Mario Amare Bilate (born 16 July 1991) is a Russian professional footballer who plays as a striker for ADO Den Haag.

Playing career

XerxesDZB
Bilate broke into the XerxesDZB first team in March 2010 and scored seven goals in the ten games he appeared in. His form was impressive enough to win him a move to Sparta Rotterdam, where he had played earlier as a youth.

Sparta Rotterdam
Bilate joined Sparta Rotterdam in January 2011 on a two and a half year deal. He made his competitive debut on 7 August 2011 in a 1-0 win over Fortuna Sittard. In the summer of 2012 Bilate then signed a contract extension to keep him at the club until 2015.

Dundee United
Bilate was released from his Sparta Rotterdam contract a year early and signed a two-year contract with Dundee United in July 2014. Bilate had originally been set to join Eerste Divisie champions Willem II but the move fell through at the last minute after the Sparta Rotterdam board decided they wanted a transfer fee. He made his debut as a substitute in Dundee United's opening match of the 2014–15 season, a 3–0 win against Aberdeen on 10 August 2014. He then scored the winning goal on his home debut three days later, in a 1–0 victory over Motherwell, again after coming off the bench.
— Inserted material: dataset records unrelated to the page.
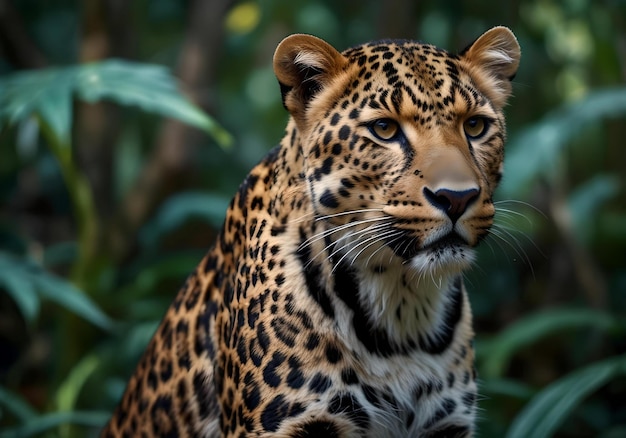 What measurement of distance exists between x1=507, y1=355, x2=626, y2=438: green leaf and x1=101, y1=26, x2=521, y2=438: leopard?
5.97ft

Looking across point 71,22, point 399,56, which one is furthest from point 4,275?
point 71,22

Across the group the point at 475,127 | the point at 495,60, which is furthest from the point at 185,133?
the point at 475,127

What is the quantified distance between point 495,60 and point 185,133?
5.91 meters

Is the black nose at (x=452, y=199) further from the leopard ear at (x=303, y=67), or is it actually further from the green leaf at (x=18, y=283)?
the green leaf at (x=18, y=283)

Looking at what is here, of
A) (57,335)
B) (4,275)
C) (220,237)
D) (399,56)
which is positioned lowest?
(57,335)

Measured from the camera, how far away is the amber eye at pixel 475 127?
12.5 ft

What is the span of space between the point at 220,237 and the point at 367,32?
818 centimetres

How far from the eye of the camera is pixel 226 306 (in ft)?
13.7

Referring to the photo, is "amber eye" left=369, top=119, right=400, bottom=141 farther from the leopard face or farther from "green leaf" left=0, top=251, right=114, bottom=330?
"green leaf" left=0, top=251, right=114, bottom=330

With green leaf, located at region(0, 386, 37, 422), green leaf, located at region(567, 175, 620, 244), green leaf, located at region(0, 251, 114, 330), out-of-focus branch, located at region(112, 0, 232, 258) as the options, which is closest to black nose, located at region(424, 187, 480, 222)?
green leaf, located at region(0, 251, 114, 330)

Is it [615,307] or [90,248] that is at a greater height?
[90,248]

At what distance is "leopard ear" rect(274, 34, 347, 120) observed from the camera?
3787 mm

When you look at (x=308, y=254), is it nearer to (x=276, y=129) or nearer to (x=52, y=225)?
(x=52, y=225)

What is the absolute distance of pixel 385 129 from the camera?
12.1 feet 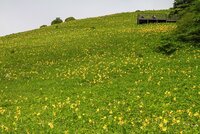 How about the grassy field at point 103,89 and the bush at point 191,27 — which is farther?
the bush at point 191,27

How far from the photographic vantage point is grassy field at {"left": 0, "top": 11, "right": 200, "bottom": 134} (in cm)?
1619

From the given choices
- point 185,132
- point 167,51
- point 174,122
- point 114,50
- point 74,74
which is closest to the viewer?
point 185,132

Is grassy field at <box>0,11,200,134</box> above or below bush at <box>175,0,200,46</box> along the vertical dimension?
Answer: below

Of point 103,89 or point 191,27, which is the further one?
point 191,27

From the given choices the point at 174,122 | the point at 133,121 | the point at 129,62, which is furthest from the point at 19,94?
the point at 174,122

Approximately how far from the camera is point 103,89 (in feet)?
72.9

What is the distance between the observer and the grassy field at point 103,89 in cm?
1619

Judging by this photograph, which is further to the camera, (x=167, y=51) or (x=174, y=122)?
(x=167, y=51)

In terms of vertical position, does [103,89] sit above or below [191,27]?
below

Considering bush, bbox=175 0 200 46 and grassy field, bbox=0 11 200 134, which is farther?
bush, bbox=175 0 200 46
He was released from his contract at Tannadice in November 2015, after making only two appearances in the 2015–16 season.

Return to the Netherlands
Bilate signed a one-year contract with Den Bosch on 30 June 2016, with an option for another year.

On 7 June 2017, Bilate signed a one-year deal with an option for an extra season with Emmen. One year later, in June 2018, he signed a one-year contract with RKC Waalwijk with an option for one more season. He was promoted to the Eredivisie with RKC in the 2018–19 season.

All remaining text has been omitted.